Khlat has plenty of experience. At Credit Suisse, he was managing director and group head for the Middle East at the bank in London. Before that, he was a vice president at JP Morgan Private Bank from 1995 to 2000. And he’s certainly media-savvy: from 1988 to 1993, he worked for several leading media companies including CNN and FOX. His Crossbridge co-founder is Jean-Pierre Aoun, another former Credit Suisse man who represented a large chunk of the Middle East activity in the London office, and like Khlat, he also worked at JP Morgan

Crossbridge’s value proposition – or to switch industry-speak, its unique selling point – is blending traditional wealth advice with helping businesses of a certain size. As many clients in fast-growing emerging markets are still very much engaged with their businesses, this is a niche that Crossbridge is filling, Khlat said.

“We have gone a bit beyond pure wealth management...if you are dealing with entrepreneurs, you need to realise that many of them are still involved with their businesses and as such, want to engage with an advisor to discuss their corporate assets,” he said.

In contrast to some of the top-tier banks and their approach to corporate finance deals, he said that Crossbridge considers deal sizes from $5 million to $150 million, a size he says frequently does not interest large firms. “Banks often just don’t want to do these kind of deals,” says Khlat. “It [corporate advisory, etc.] makes our wealth management relationships with our clients stickier because we’re providing a complementary (and needed) service.”

Spreading eastward

It appears to be a winning approach. Crossbridge now employs 30 people, starting from six people three years ago. The firm opened an office in Singapore earlier this year and has offices in London and Malta, the latter becoming a more visible wealth management hub in recent years.

The need for a presence in Asia is now so self-evident that office openings by firms initially based in the West is no longer surprising. With economic life proving to be tough in many regions, notably Western Europe, the allure of the more vibrant East is irresistible.

“In emerging markets, that is where the entrepreneurs are and where wealth is being created,” said Khlat.

The Asia market, for example, sees a tight fit between corporate finance needs of entrepreneurs and their wealth management requirements. Banks are taking notice: Standard Chartered and Citi, for example, have made moves in this space. Citi has appointed a head to oversee cross-selling between the corporate and wealth management parts of the bank.
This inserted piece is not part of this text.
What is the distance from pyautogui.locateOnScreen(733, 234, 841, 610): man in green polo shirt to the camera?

For Crossbridge, there is no danger of clients worrying that their wealth management service is just a conduit for whatever an investment bank can pitch their way. “We have no products to sell here; there are no fund factsheets on show. We are fully independent,” said Khlat.
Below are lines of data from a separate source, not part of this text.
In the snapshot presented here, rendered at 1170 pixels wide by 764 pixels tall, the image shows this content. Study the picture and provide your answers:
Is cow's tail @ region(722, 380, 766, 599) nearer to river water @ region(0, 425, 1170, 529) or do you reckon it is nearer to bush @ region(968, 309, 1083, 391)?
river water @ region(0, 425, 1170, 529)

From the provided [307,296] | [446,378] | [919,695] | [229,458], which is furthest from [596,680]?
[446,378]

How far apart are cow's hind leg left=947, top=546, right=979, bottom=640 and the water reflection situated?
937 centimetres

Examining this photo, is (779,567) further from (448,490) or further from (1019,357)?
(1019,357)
Independence is a word that comes up frequently in the conversation with Khlat, whose background in working for large institutions gave him a taste to take a more hands-on approach in a smaller, but still significant, business.

He said that the financial strength that comes from having Julius Baer as a minority shareholder in the firm is an important selling point for the firm, which is run on a partnership basis, giving staff a strong sense of ownership over its health.

“When one of us says to a client 'invest in Japan', it is because we believe in it,” he said.

Wealthy of the future

The firm also looks to engage with clients who may not have high liquidity at the moment but who will do so in several years’ time. “We need to get in early,” Khlat said.

Clients who have been given a number of propositions by their banks will come to Crossbridge for advice on these offers, he said. “We make sure banks work harder for our clients.”

Another issue that came up is how a firm such as Crossbridge is trying to engage more with policymakers in the UK and Europe so that there is a more informed debate about what wealth management actually is – and what it is not. Crossbridge is a founder member of the New City Initiative, the UK-based wealth management group. “The financial services community has been lumped into one,” he said.

The economic news is no less unsettling now than it was in September, 2008. However, for a young firm used to turbulent times, there seems no likelihood that Crossbridge will panic.